Every page of Every Page of Moby-Dick

Dedicated to Matt Kish

By Seth Wood

Experiment commenced: August 2021

I first encountered the art of Matt Kish by coming across Moby-Dick in Pictures (Tin House, 2011) on a bookstore shelf and was immediately captivated by it. I had been struggling with my own relationship to Melville’s Moby-Dick, or the Whale. As an aspiring scholar of American literature I knew I had to contend with it. As a graduate student instructor I told one of my first audiences of students that “Poe [was] my ocean [the ocean I was castaway upon, honestly], and Moby-Dick [was] my mountain.” It was a mountain which I couldn’t say honestly I’d climbed until after I saw it through the lens of Matt Kish’s illustrations (and at first with no little help from Frank Muller’s masterful reading of the book, too, I’ll admit). 

Within a year of finding Moby-Dick in Pictures I was presented with my first opportunity to teach an American literature course as a post-graduate with a doctorate at Oklahoma State University. I decided to teach Moby-Dick and that Matt Kish’s art would be involved, but I little expected how the events of that year would bring me into a much more personal and profound connection to his work. I’m sure those events will be referred to in the pages to come, so leave it… keep it simple as he did getting underway (as it turns out, 12 years ago this month).
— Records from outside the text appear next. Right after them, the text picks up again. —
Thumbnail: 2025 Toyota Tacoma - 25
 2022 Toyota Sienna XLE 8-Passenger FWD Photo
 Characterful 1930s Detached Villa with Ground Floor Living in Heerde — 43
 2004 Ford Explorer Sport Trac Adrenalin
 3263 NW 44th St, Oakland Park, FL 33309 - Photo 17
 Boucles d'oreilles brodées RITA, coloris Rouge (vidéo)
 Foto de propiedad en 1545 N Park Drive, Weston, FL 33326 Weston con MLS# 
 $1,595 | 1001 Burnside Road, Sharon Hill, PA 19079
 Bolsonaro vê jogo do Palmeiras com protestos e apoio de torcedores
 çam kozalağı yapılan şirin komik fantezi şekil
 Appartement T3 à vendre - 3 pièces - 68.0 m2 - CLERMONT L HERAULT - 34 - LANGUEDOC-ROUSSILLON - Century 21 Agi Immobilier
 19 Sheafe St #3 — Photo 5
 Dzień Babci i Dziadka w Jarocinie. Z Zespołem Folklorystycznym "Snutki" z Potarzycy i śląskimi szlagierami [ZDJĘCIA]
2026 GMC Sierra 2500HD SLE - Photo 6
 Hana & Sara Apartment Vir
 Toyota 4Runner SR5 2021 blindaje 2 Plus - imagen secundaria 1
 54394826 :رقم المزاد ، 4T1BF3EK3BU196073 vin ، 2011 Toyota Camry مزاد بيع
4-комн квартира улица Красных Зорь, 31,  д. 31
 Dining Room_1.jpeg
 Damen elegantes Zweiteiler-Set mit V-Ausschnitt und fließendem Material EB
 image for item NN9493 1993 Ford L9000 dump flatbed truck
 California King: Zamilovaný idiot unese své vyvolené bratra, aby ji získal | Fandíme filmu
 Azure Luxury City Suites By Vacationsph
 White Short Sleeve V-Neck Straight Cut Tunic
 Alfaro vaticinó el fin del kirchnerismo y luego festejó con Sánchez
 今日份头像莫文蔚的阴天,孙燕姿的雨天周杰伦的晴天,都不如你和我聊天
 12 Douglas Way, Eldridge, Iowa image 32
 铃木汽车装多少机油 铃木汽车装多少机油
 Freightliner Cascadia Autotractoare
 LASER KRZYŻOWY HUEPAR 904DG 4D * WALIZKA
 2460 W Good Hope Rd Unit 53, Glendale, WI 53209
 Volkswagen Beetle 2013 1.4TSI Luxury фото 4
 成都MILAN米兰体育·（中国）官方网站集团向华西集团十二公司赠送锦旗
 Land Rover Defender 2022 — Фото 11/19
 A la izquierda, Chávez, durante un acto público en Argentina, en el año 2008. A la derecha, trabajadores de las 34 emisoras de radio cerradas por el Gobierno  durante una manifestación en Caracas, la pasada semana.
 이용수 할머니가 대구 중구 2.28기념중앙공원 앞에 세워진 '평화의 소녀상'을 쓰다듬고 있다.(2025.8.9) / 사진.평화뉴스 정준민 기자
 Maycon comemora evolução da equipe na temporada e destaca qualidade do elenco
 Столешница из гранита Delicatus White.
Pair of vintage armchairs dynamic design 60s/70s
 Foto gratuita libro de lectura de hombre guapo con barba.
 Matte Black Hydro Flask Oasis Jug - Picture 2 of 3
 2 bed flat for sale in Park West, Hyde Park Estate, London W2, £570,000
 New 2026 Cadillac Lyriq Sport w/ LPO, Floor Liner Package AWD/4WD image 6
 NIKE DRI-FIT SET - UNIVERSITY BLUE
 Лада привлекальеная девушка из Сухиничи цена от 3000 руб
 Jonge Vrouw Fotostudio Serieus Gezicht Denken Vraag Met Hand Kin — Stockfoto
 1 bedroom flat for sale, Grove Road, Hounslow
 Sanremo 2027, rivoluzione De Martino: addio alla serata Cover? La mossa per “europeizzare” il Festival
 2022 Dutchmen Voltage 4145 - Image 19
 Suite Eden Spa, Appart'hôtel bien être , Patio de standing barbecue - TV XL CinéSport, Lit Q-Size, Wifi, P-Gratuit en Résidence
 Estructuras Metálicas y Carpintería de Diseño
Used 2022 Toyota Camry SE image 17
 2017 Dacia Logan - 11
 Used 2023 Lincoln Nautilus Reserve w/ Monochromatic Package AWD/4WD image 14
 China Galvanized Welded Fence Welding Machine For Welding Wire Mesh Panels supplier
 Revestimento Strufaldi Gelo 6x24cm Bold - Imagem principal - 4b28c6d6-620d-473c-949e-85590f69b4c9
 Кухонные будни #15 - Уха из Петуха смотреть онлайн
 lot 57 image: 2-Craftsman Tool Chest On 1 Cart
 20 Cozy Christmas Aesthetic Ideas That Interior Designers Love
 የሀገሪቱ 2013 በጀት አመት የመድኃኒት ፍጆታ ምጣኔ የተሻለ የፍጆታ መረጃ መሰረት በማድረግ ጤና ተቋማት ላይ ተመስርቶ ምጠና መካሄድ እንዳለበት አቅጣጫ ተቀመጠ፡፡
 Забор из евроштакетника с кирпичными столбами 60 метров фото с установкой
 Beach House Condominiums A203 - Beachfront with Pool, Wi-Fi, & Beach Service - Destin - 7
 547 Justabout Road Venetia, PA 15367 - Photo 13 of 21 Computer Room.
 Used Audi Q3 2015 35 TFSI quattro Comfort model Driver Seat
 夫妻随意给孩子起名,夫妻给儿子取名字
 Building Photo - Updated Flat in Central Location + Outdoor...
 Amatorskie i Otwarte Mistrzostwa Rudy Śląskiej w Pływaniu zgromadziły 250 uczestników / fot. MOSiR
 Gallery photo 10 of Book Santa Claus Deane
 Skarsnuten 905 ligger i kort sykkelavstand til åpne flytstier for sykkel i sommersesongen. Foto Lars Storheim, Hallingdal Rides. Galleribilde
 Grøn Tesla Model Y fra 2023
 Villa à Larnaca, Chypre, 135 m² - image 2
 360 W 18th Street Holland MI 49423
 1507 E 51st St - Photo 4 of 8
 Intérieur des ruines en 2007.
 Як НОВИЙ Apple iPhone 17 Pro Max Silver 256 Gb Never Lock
Because I consider Matt Kish’s project of creating an original illustration for every page of Moby-Dick to be one of the greatest interpretations of the book ever made, I am now going to write a page (or thereabouts) for every one of his 552 (or thereabouts) illustrations. Any references or quotes of Moby-Dick that are made are done from memory, unless referencing the individual lines from Melville’s book with which MK titles his illustrations. 

Here is the first page: 

8/19/21, noonish

First lines are trouble. In Moby-Dick that trouble is at least double. What is the first line of the book anyway? Ask anyone who knows anything about it, and they’ll know: “Call me Ishmael.” – like the bartender who recently overheard me lording some knowledge of the book myself and declaimed the sentence aloud to the nearly deserted bar. It’s the book’s famous first line, maybe one of the most famous first lines of all time, but is that the book’s first line? Even after the customary front matter of the title page and dedication to Hawthorne, after the Table of Contents, the first word is “Etymology” (no punctuation) then that odd little bit about the “pale,” “consumptive,” “threadbare” Usher/grammarian, and then there’s the catalogue of “Extracts,” decontextualized words on whales from a sort of greatest hits of Western civilization (with a few notable exceptions).

But MK draws none of these pages at first*, set awkwardly and strangely between the Table of Contents and Loomings, paginated with Roman numerals. It’s not how he sees it, not at the time of commencing his experiment anyway. By the time I hit Chapter 1, the warp is already mounted on the loom.

*In 2015, 4 years after completing his “task,” MK composed a series of illustrations of the Extracts that can be viewed on his website here.